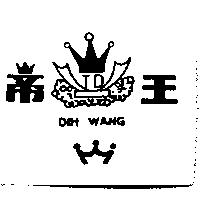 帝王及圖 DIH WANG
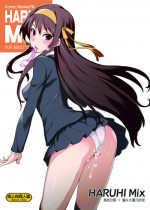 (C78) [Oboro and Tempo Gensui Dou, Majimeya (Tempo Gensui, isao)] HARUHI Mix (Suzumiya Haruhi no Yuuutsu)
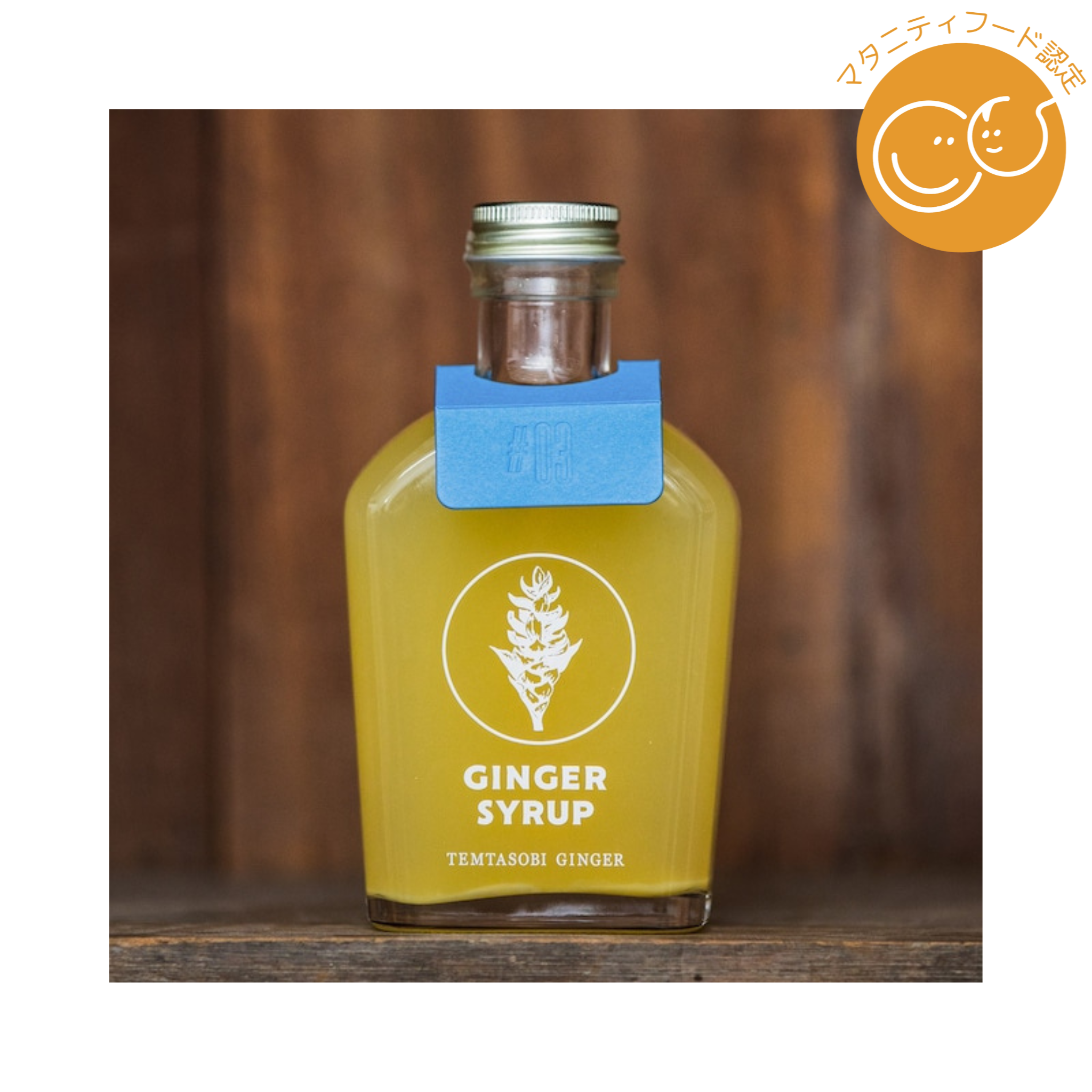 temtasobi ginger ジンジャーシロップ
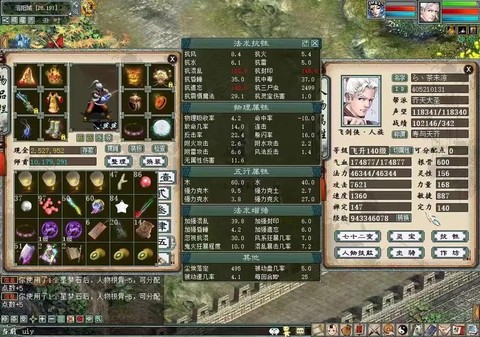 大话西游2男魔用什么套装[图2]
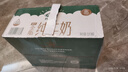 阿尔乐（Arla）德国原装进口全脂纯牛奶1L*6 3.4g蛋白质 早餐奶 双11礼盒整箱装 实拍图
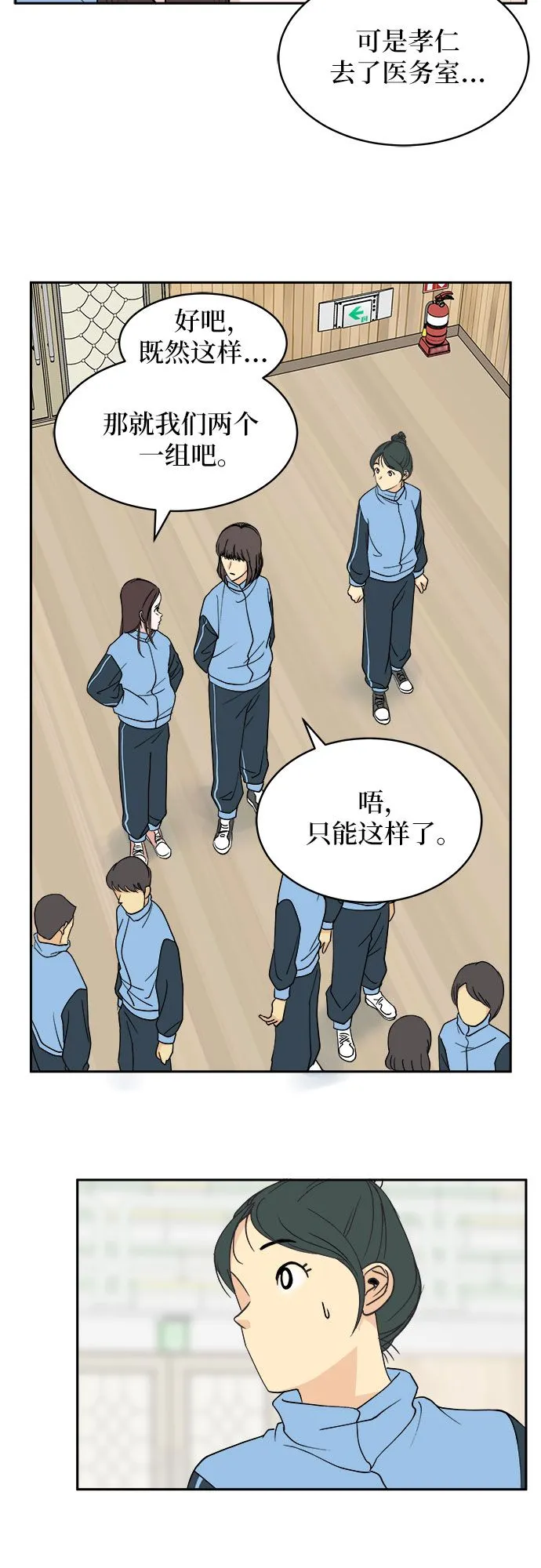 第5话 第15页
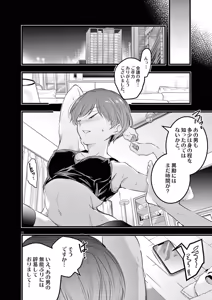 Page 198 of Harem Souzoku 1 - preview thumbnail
--
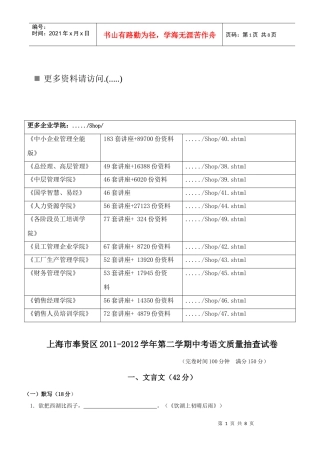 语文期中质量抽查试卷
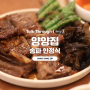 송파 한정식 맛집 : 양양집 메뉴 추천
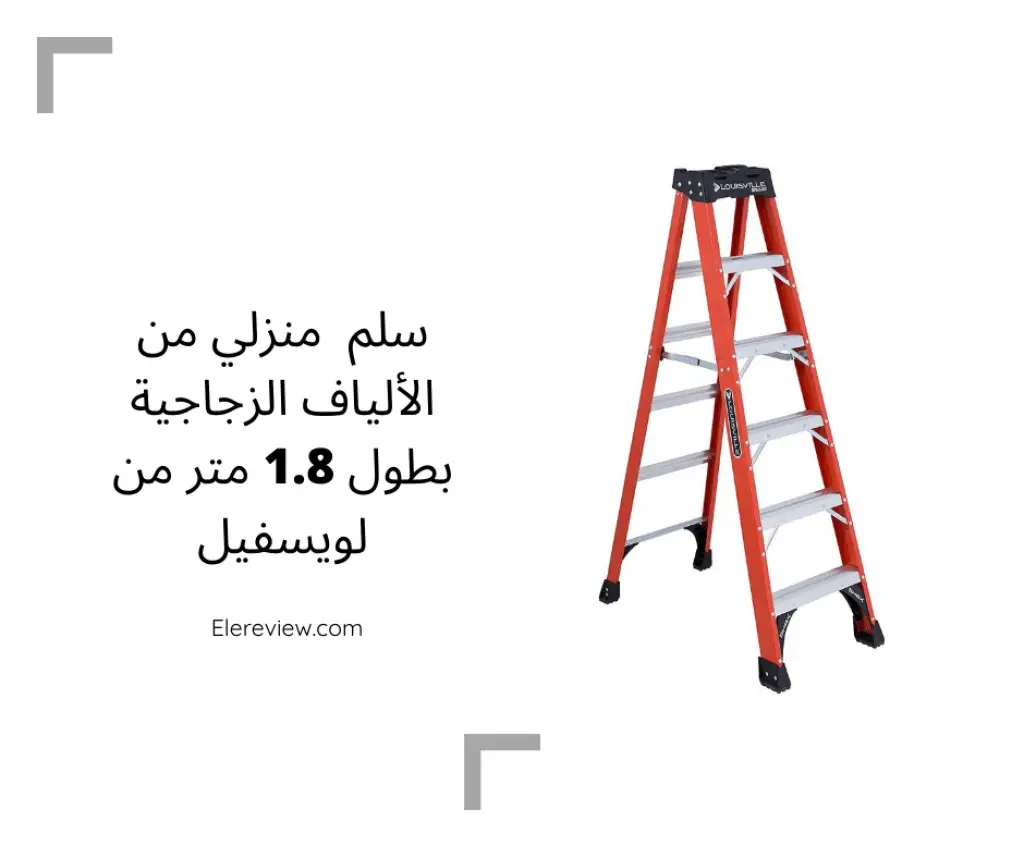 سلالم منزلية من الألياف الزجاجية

▸ **Your objective**:
Beginning with the line that contains "帝王及圖 DIH WANG", write out the lines of the material above exactly, and end with the line that contains "Page 198 of". Omit the pictures.

▸ **Response to this task**:
 帝王及圖 DIH WANG
 (C78) [Oboro and Tempo Gensui Dou, Majimeya (Tempo Gensui, isao)] HARUHI Mix (Suzumiya Haruhi no Yuuutsu)
 temtasobi ginger ジンジャーシロップ
 大话西游2男魔用什么套装[图2]
 阿尔乐（Arla）德国原装进口全脂纯牛奶1L*6 3.4g蛋白质 早餐奶 双11礼盒整箱装 实拍图
 第5话 第15页
 Page 198 of Harem Souzoku 1 - preview thumbnail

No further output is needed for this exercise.